16.06.2021 Regierungssprecher Piotr Müller teilt mit, dass Michał Dworczyk, Leiter der Kanzlei des Ministerpräsidenten, im Amt bleibt. Es lägen keine Verletzungen der rechtlichen Vorgaben für geheime Informationen vor. In der vergangenen Woche hat Dworczyk bekannt gegeben, dass sein E-Mail-Account und seine Konten in den sozialen Medien gehackt worden seien, ebenso wie die seiner Ehefrau. Er gab an, dass sich darunter keine E-Mails mit geheimen Inhalten befunden hätten. Die Tat müsse in den Kontext der "Desinformation" eingeordnet werden, weshalb sich die polnischen Geheimdienste mit der Angelegenheit befassen.

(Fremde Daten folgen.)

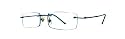 Super Lightweight Rectangular Frameless Reading Glasses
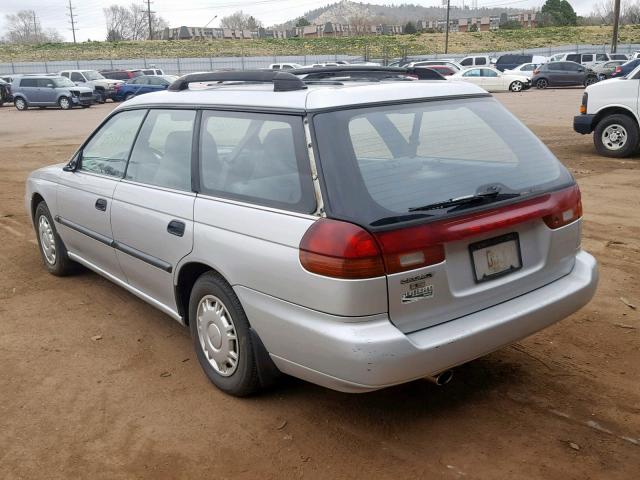 54548556 :رقم المزاد ، 4S3BK6359S6352250 vin ، 1995 Subaru Legacy مزاد بيع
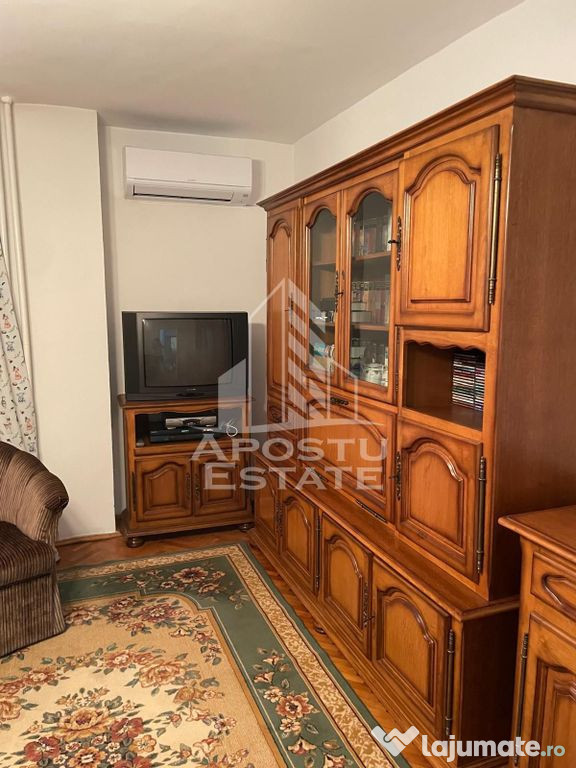 Apartament 2 camere , centrala proprie , clima, zona Arad...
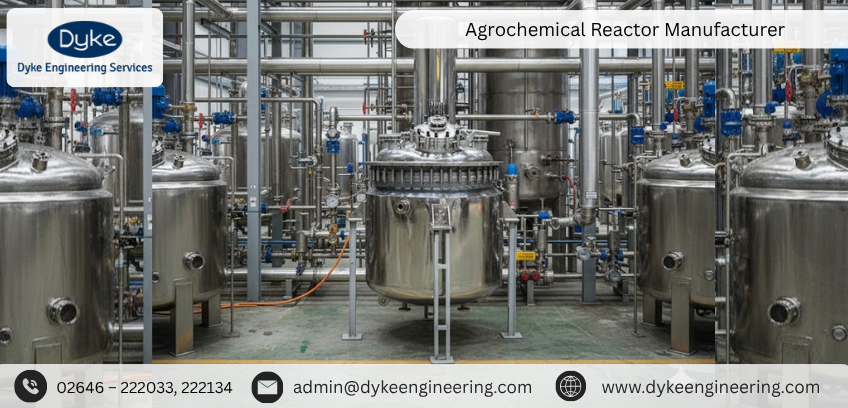 Agrochemical Reactor Manufacturer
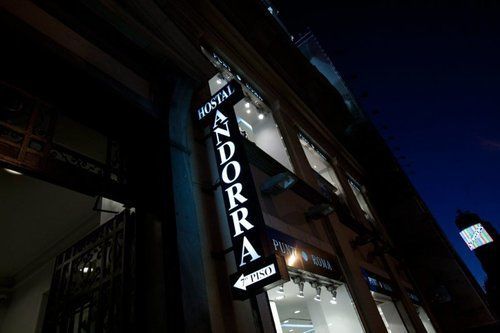 Hostal Andorra Madri Exterior foto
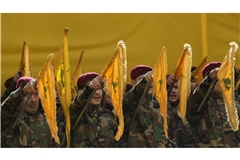 Hisbollah-Mitglieder (Archivfoto).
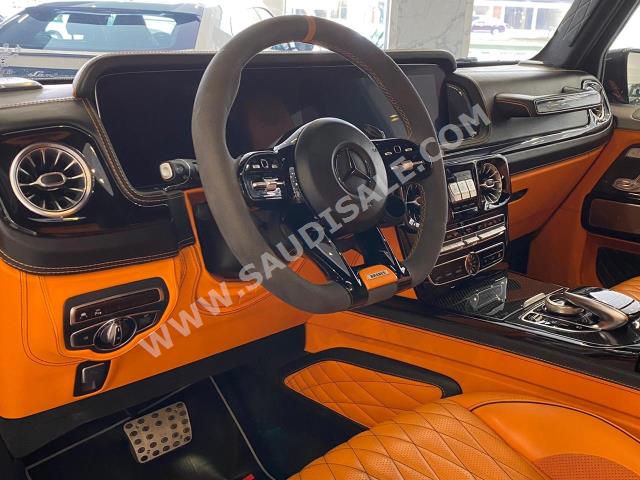 2020 مرسيدس - بنز جي برابوس 800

17.06.2021 Aus Anlass der Unterzeichnung des deutsch-polnischen Nachbarschaftsvertrags vor 30 Jahren wird Bundespräsident Frank-Walter Steinmeier von Präsident Andrzej Duda zu einem offiziellen Besuch in Warschau empfangen. Betont wird die Freundschaft zwischen beiden Ländern, darüber hinaus werden auch unerledigte Punkte angesprochen. Duda nennt hier die Förderung der polnischen Sprache in Deutschland und die Bereitstellung finanzieller Mittel dafür von deutscher Seite.
18.06.2021 Der Senat lehnt mit 51 Stimmen (45 Ja-Stimmen, drei Enthaltungen) die Berufung der unabhängigen Senatorin Lidia Staroń in das Amt der Bürgerrechtsbeauftragten ab. Sie wurde Anfang der Woche vom Sejm gewählt und ist die Kandidatin von Recht und Gerechtigkeit (Prawo i Sprawiedliwość – PiS). Die Berufung des Bürgerrechtsbeauftragten ist damit zum fünften Mal gescheitert.
19.06.2021 In Warschau nehmen mehrere Tausend Menschen an der "Gleichheitsparade" teil. Die Schirmherrschaft hat Rafał Trzaskowski, Stadtpräsident von Warschau von der Bürgerplattform (Platforma Obywatelska – PO), übernommen. Die Teilnehmenden demonstrieren für eine aktive Antidiskriminierungspolitik, für die Erweiterung der rechtlichen Regelungen zur Hassrede um die Aspekte geschlechtliche Identität und sexuelle Orientierung sowie für das Adoptionsrecht auch für gleichgeschlechtliche Paare.
20.06.2021 Adam Bielan, der im Februar nach einem parteiinternen Streit aus der Partei Verständigung (Porozumienie) ausgeschlossen wurde, kündigt auf dem "Republikanischen Kongress" die Gründung der Republikanischen Partei (Partia Republikańska) an. Verständigung ist Partner in der Regierungskoalition Vereinigte Rechte (Zjednoczona Prawica). Im Zentrum der Republikanischen Partei sollen die individuelle, nationale und wirtschaftliche Freiheit stehen, außerdem sollen die traditionelle Familie geschützt und polnische Produkte gestärkt werden. Die Republikanische Partei soll Teil der Regierungskoalition sein.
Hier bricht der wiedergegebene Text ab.